Monday, May 14, 2012

A Monday Mother's Day

Today has been a much-needed break from, well, everything.

Since yesterday was Mother's Day, I first want to send my well wishes and love to all the mothers out there for being awesome.

Second, I have to say I hope to all that is holy you didn't go out to eat for brunch yesterday as your one and only opportunity of the year to either treat your mother or be treated by the rest of your family.

If you did go out, I hope to all that is holy that you did not place huge and unrealistic expectations on it being the best, most absolutely perfect dining experience - or day, for that matter - ever. Because hello, if you're a mom, you know there is no such thing!

I have no problem working on Mother's Day. I love seeing happy families and serving them delicious food. Every now and then you get that one rotten egg who just can't be satisfied no matter what you do, but for the most part, I like to go into the day with a positive attitude because I know how I'm feeling shows. If you work in any other field of customer service, you know this is true, too.

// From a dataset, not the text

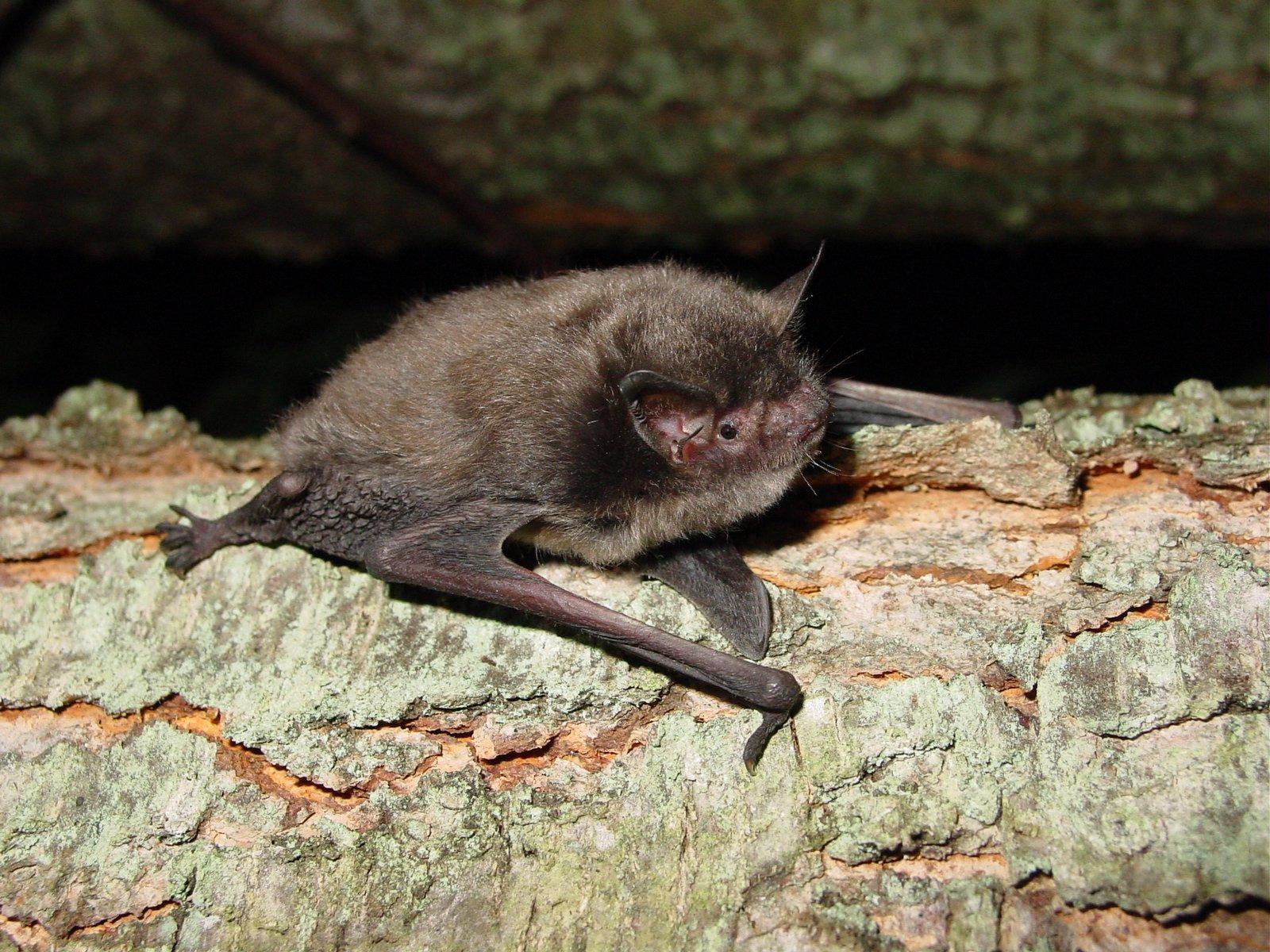 Indiana_Bat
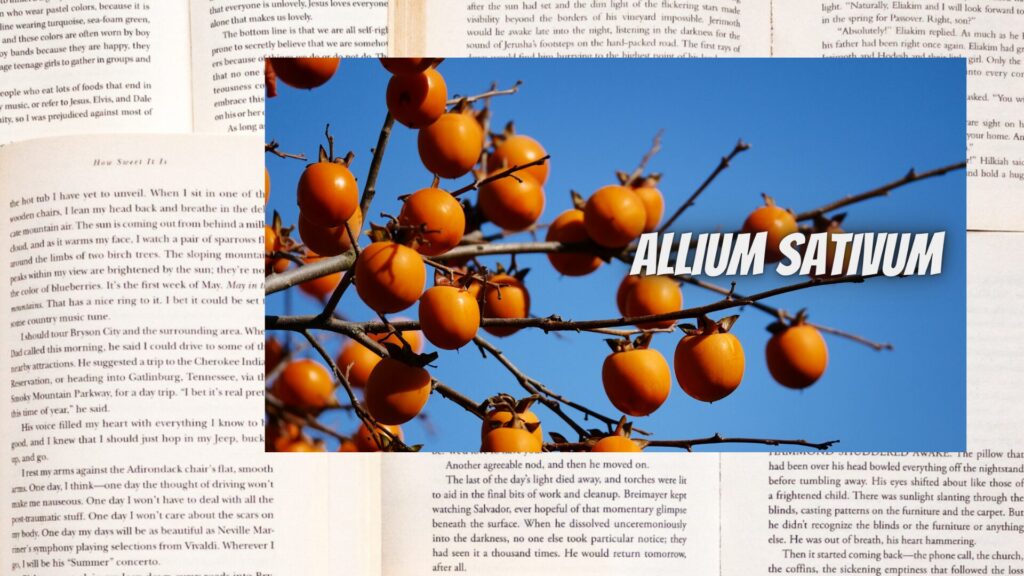 kaki-aroma-herb-dictionary-eyecatch-botanical-study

I think of it like this: In public speaking, I was taught that to deliver an eloquent and effective speech, I need to speak slower than what I feel is slow. So, really slow. Compared to the way I ramble on, anyway. My teacher said it will feel unnatural and exaggerated, but to the listener, it will make me sound knowledgeable and precise. If I take the same approach with my facial expression and attitude with my guests as I do with my speech - smile a bit wider, stand up a bit straighter, and be confident almost to the point of being blunt ("I don't think you should make any changes to that dish. The Chef knows what he's doing.") - I will be able to take command of any guest interaction.

So then, my only trouble comes with that one table that has held this particular day up to some false ideal. Since I know I can't really do anything for them, I can at least be happy knowing I've done my best to take care of everyone else. I can also take comfort in the fact that I am easier to please and, in my mind, the ideal mom to have to wait on on my special day.

For one, I'll take a clean kitchen, folded laundry, and a well-rested toddler over sappy cards any day.
Roses are red, violets are blue. I couldn't think of anything to say so I paid someone else to. [source]
Also, if I can't do what I want because of work, then I'll be happy with a rain-check for the next nice evening to go run or bike to my heart's content.

Good weather is all I need.

Did you get to do what you wanted for your mom or yourself for Mother's Day?